NET ZERO NOTEBOOK: Three … is the missing number

The scope of corporate commitments is once again in doubt. David Burrows reports.

In perhaps one of the least surprising news stories of the year so far, an investigation by the NGOs Foodrise (formerly Feedback Global) and The Food Foundation showed that a decade’s worth of commitments – 600 of them in total – on climate and environment by the UK’s 10 largest supermarkets are “failing to translate to sufficient progress or public transparency”.

Still, this is important evidence added to the pile titled ‘voluntary agreements don’t work’. Indeed, the temptation to change targets, meddle with the wording on the quiet or not publicly report on progress is just too great – especially when everyone else is doing it too. Just ask PepsiCo, which has just reworked its climate targets.

One, two, ummm

Supermarkets and food and drink manufacturers continue to avoid mentioning scope 3 greenhouse gas emissions, apart from in the small print somewhere in the appendices of their non-financial reports. Imagine trying to do that for, say, turnover or profits?

Take the most recent addition to the library of abstruse ESG reports from Tesco. It took us quite a few emails, some social media posts and a handful of working hours to determine whether or not the country’s largest grocer had reduced its scope 3 emissions or not.

“We’ve reduced our Scope 1 and 2 greenhouse gas emissions (GHG) across the group by 65%, exceeding our December 2025 target of 60%,” wrote group chief executive Ken Murphy in his foreword. Fine. But scopes 1 and 2 account for just 1.11% of the chain’s total emissions, so in reality its efforts on climate are way, way off-track because scope 3 emissions have fallen by only 0.1%.
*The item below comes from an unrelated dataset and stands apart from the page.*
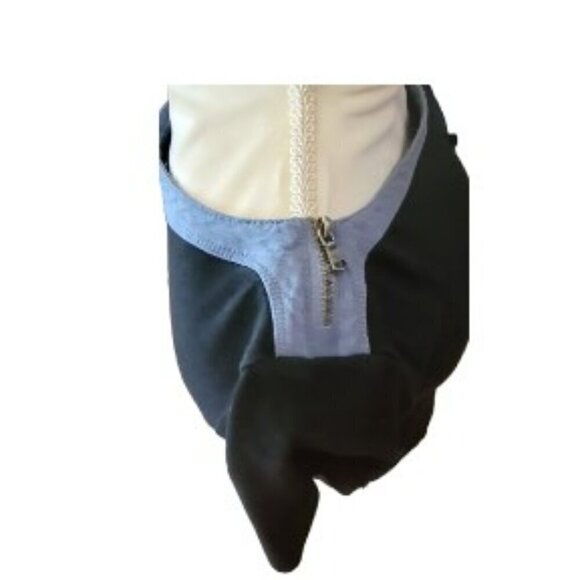 Lauren Ralph Lauren Black Short Sleep Top with Denim Shoulder in Size Large - Picture 3 of 4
Tesco isn’t the only food company ‘at it’ in this way: a previous example from Ferrero is here; and it isn’t only them – see here for hospitality examples. Caterers, as we have noted before, appear to be bucking this trend, but it won’t be long before NGOs start scrutinising their strategies in detail as they have done the supermarkets and ‘big food’.

Carbon suckers

The team at the NewClimate Institute (NCI) revel in such matters. And they have just published an analysis of the climate commitments made by five of the world’s largest agribusinesses: Danone, JBS, Mars, Nestlé and PepsiCo. There are “promising initiatives” within these, the think tank notes, but dig a little deeper and “current actions from these companies are unlikely to result in meaningful emission reductions”.

One of the big issues for NCI is the heavy reliance on land-based carbon dioxide removal (CDR) to achieve targets. This “distracts” from a lack of commitment to cutting emissions, the research team said. Confusing guidance is not helping. “While the draft GHG Protocol land sector and removals guidance recommends setting separate targets for emissions reductions and removals, the current SBTi FLAG guidance appears to allow companies to count removals toward their reduction targets. We found that Danone, Nestlé and PepsiCo seem to be taking this approach,” NCI wrote.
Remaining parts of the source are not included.